Exercise brief: Give back, exactly as written, the lines from the first line of the data below through the line with "Laser Smart Projector", and omit the pictures.

[Short descriptive text snippets]
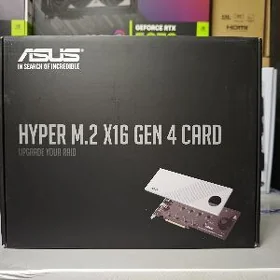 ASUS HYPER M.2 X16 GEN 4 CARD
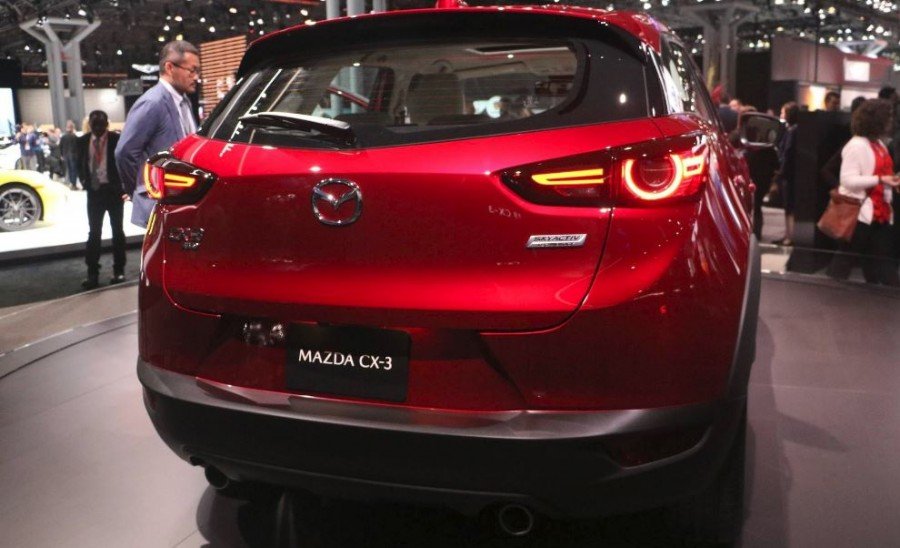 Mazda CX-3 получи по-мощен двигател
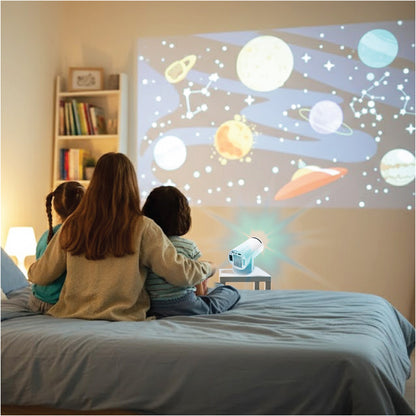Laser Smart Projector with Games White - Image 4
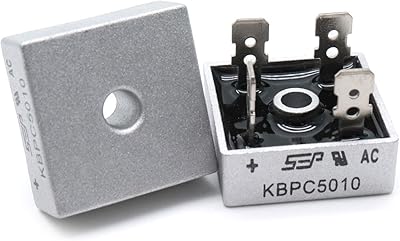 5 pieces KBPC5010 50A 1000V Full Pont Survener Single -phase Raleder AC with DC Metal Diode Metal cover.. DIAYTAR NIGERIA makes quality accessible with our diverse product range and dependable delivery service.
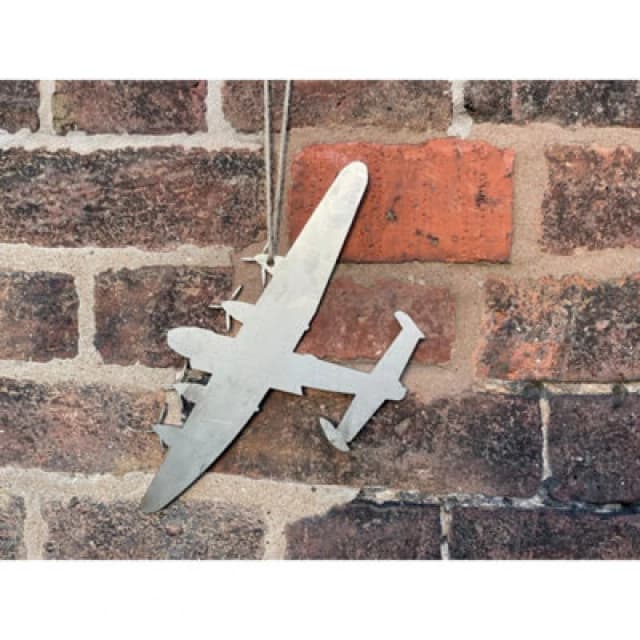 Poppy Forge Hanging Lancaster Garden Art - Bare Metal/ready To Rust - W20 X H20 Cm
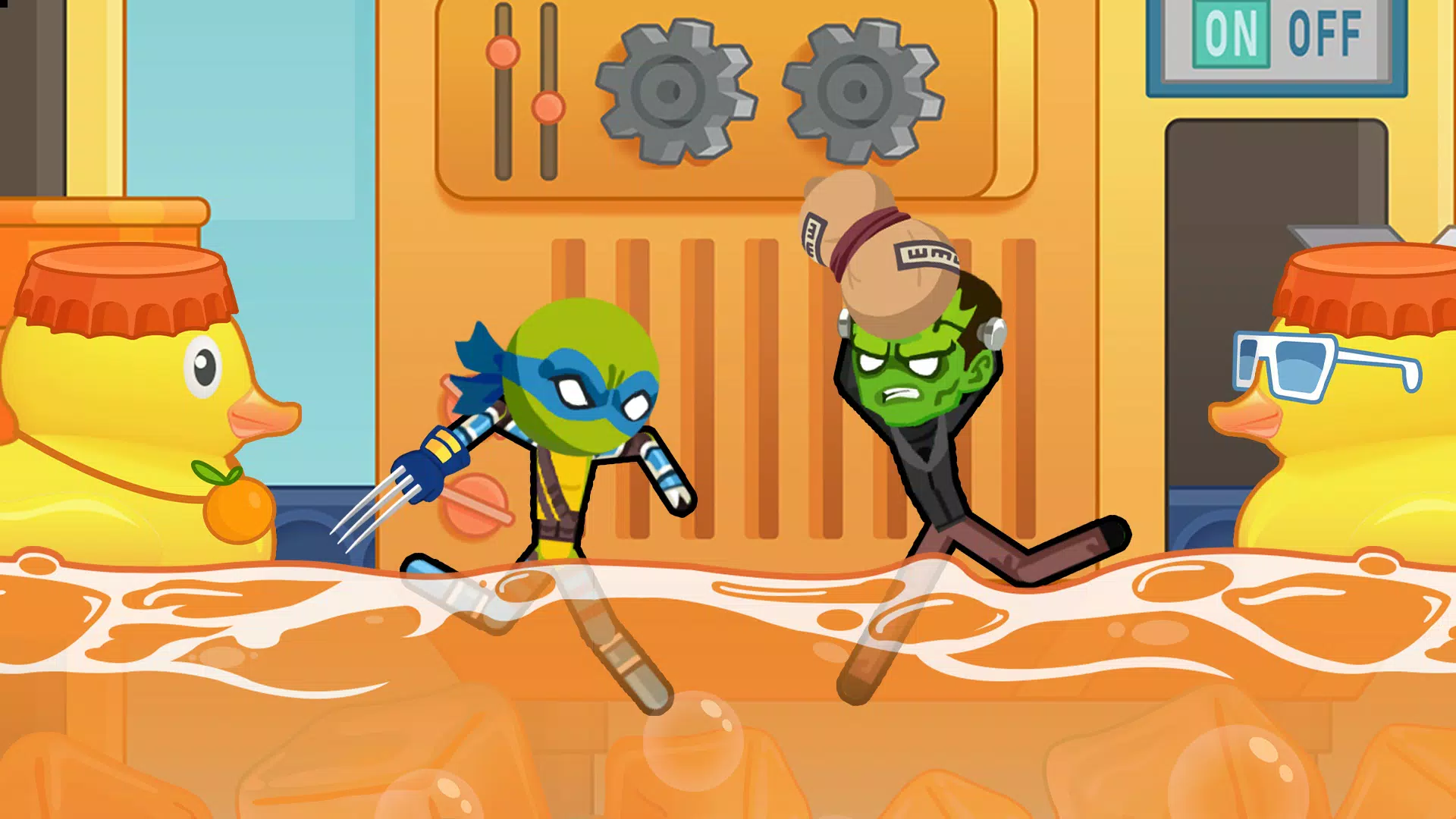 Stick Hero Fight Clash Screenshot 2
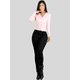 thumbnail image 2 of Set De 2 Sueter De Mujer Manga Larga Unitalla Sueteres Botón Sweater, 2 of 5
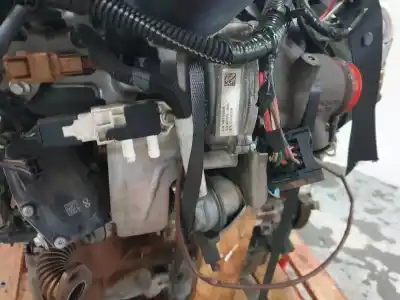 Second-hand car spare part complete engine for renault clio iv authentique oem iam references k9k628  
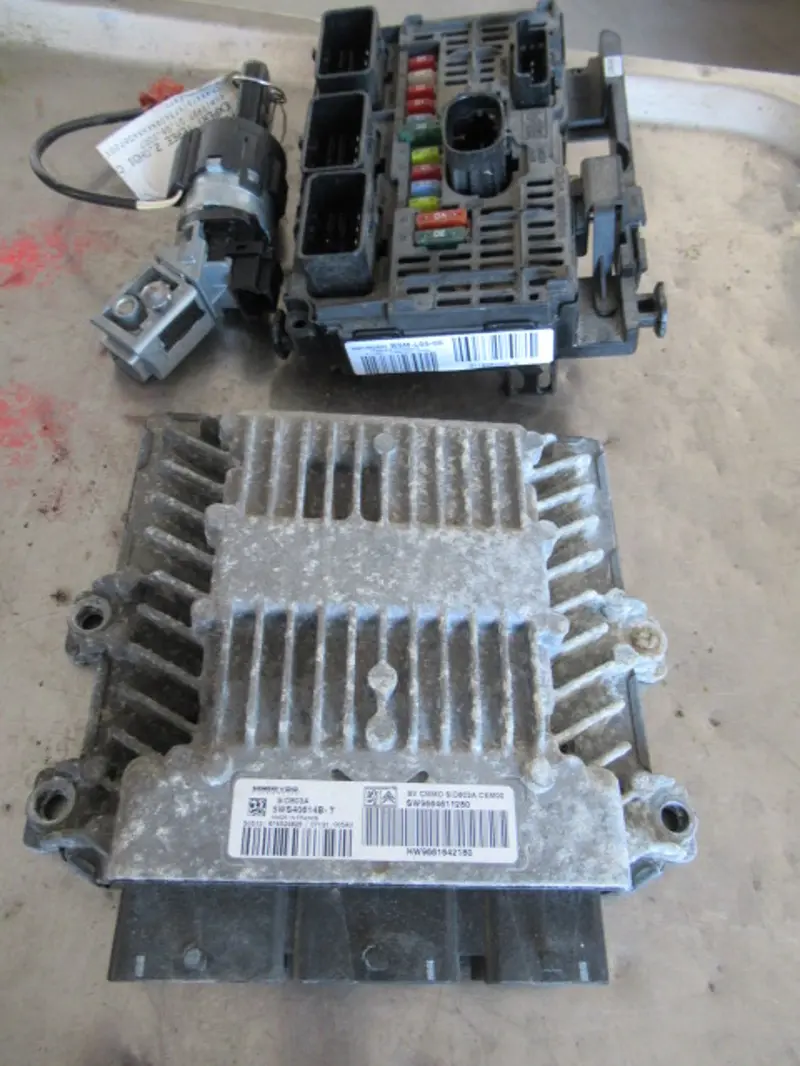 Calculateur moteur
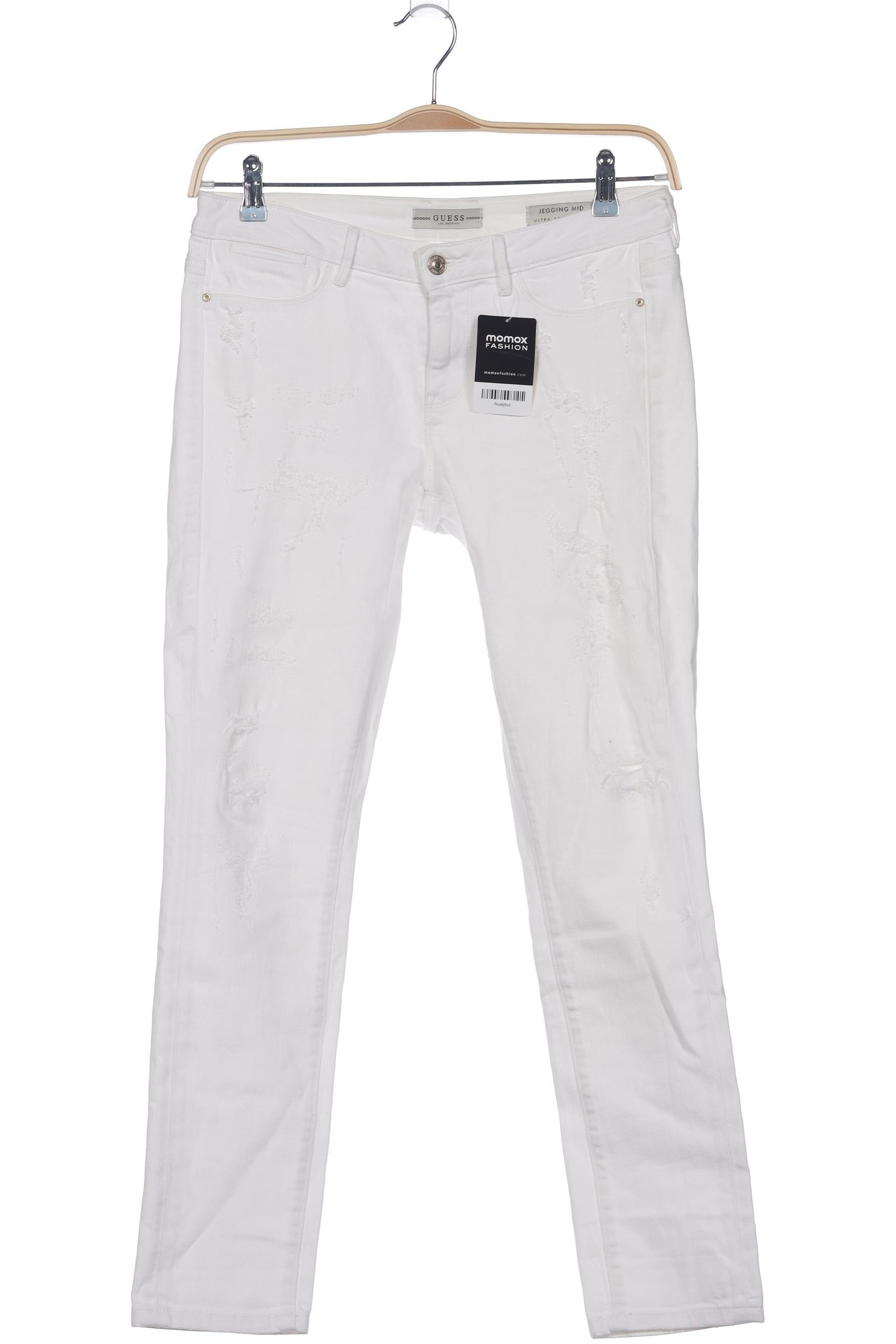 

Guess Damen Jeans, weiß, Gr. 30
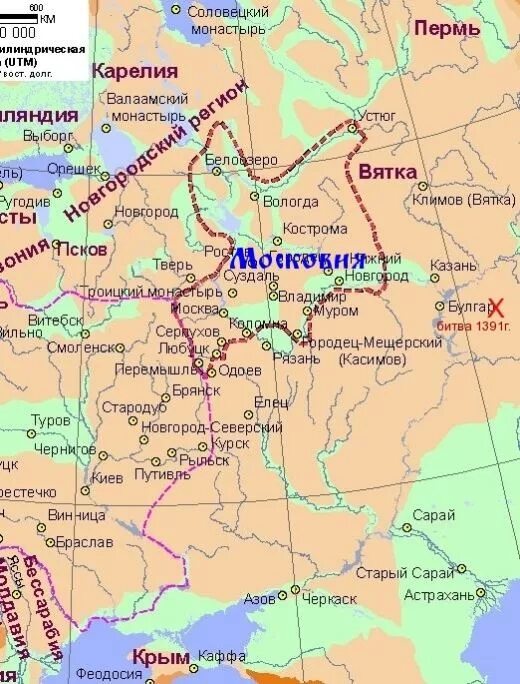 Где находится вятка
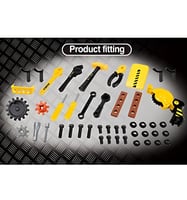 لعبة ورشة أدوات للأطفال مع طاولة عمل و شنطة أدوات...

Answer space:
 ASUS HYPER M.2 X16 GEN 4 CARD
 Mazda CX-3 получи по-мощен двигател
Laser Smart Projector with Games White - Image 4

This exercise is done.